Recursively looks to the ProjectData in the database for the first status: 'unscraped' data record for the specified project. While at each page, it will run the callback and pass it the Nokogiri::HTML object and the current URI. It builds a list of sanitized urls and adds them as ProjectData rows in the database. Thus, recursively filtering through an entire domain and acting on each page

http://www.rubydoc.info/github/sparklemotion/nokogiri


Scrape

OutriderTools::Scrape::page( url, operate )
Argument Expected Value Description
url "http://domain.com" A url to scrape
operate ->( page, uri ){} A callback function to run, which gets passed the Nokogiri object and URI for each page

Will go to the URL and run the callback and pass it the Nokogiri::HTML object and the current URI.
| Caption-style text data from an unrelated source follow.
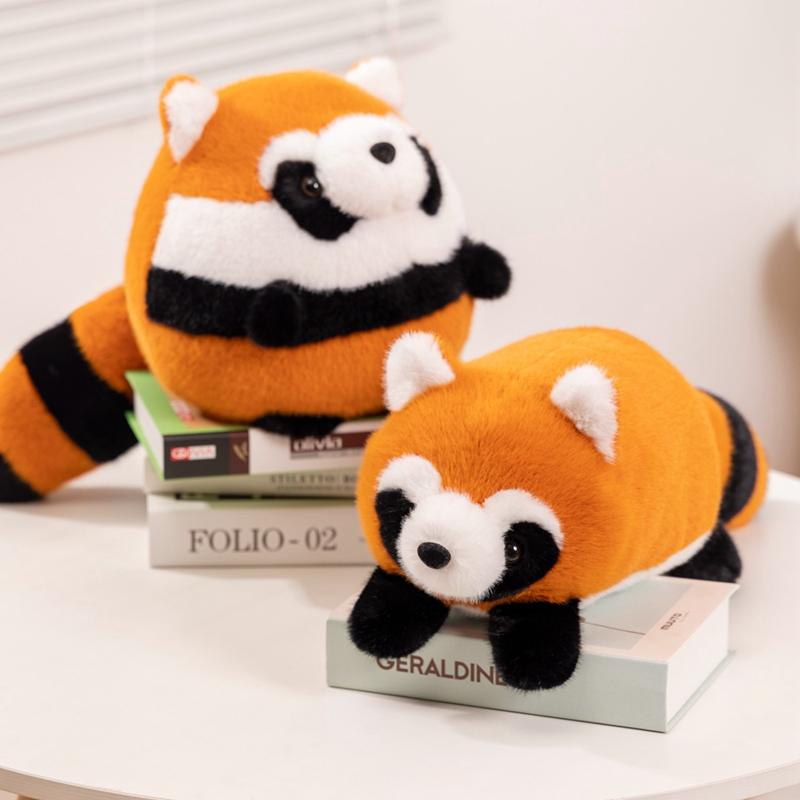 Flauschiges Roter Panda Plüschtier Puppe Stofftier Anime Figur Weiches Kuschel Kissen Niedliche Runde Waschbär Tiere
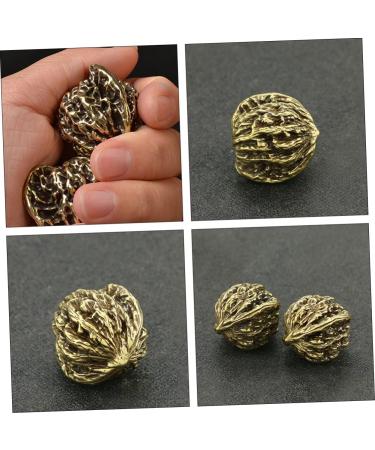 Frcolor Copper Walnut Hand Massage Balls - Deep Tissue Foot Massage Device | Retro Chinese Wenwan Handicraft - 3.5x3cm Golden - Buy Online on GoSupps.com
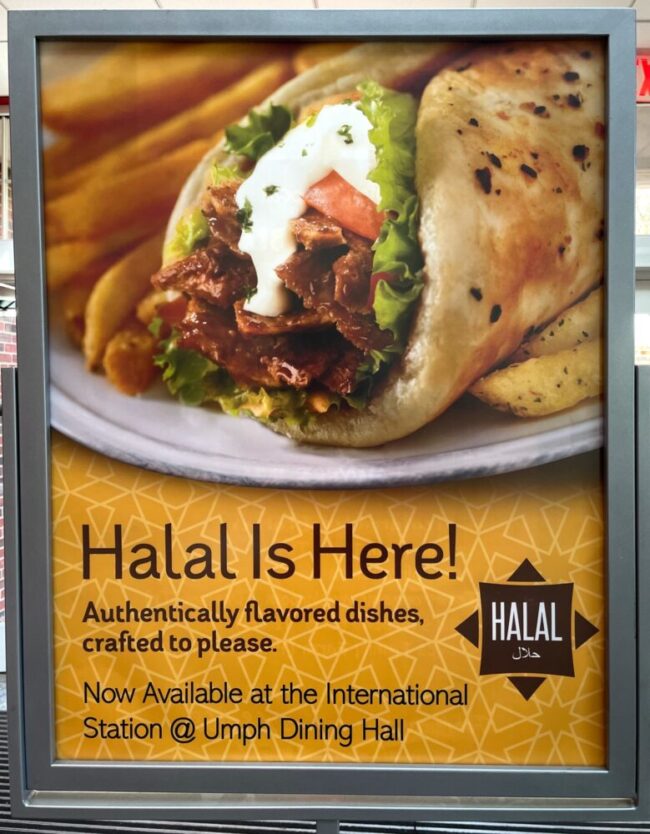 Halal food sign inside Umphrey Lee Dining Center.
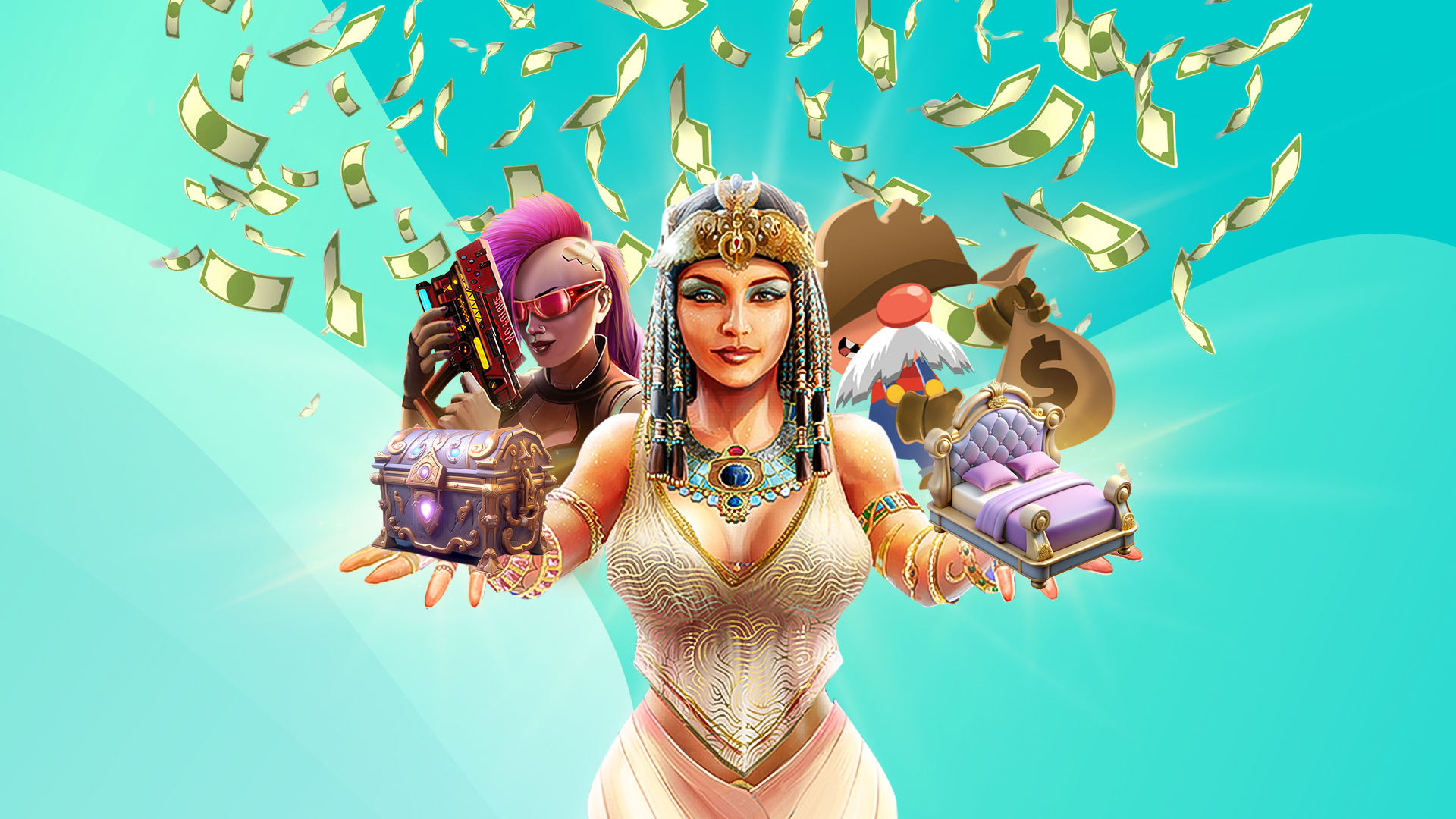 There’s a teal background with Cleo in the center holding a bed and a treasure chest in her hands. On either side behind her is a cyberpunk woman with pink hair and a prospector named Gus. Cash is exploding behind them.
http://www.rubydoc.info/github/sparklemotion/nokogiri


Analysis Tools

Sentiment Analysis

Frequency

Projects

When working with Outrider, you first create and then work within a project. You can create as many of these as you want. These let us create custom functionality to handle different jobs uniquely.

Creating Projects

CLI

Projects can be created using the command line

# Creates ./lib/projects/:project_name/auxiliary.rb 
#and adds a record to the projects table in the database, 
# including a seed entry to the raw_data table
./lib/ignite.rb create_project -p project_name

# Just adds a record to the projects table of the database 
#and the seed entry in the raw_data table (doesn't create an auxialiary file)
./lib/ignite.rb create_project_db_row -p project_name -d http://domain.com

# Deletes the project folder and row in the project table of the database
./lib/ignite.rb delete_project -p project_name
RAKE

Outrider is assumed to run on two machines - a dev and a production server. When you create a new project you do so on the dev server and it gets added to git, however in order to make a project runnable in production, there must be some entries in the database for that. Outrider has a rake command that is run from the dev server which creates the files and db entry on the dev server and also creates the necessary database entries on the production server.

rake project:build['project_name','project_domain']

Tests

# in project root ./
rspec spec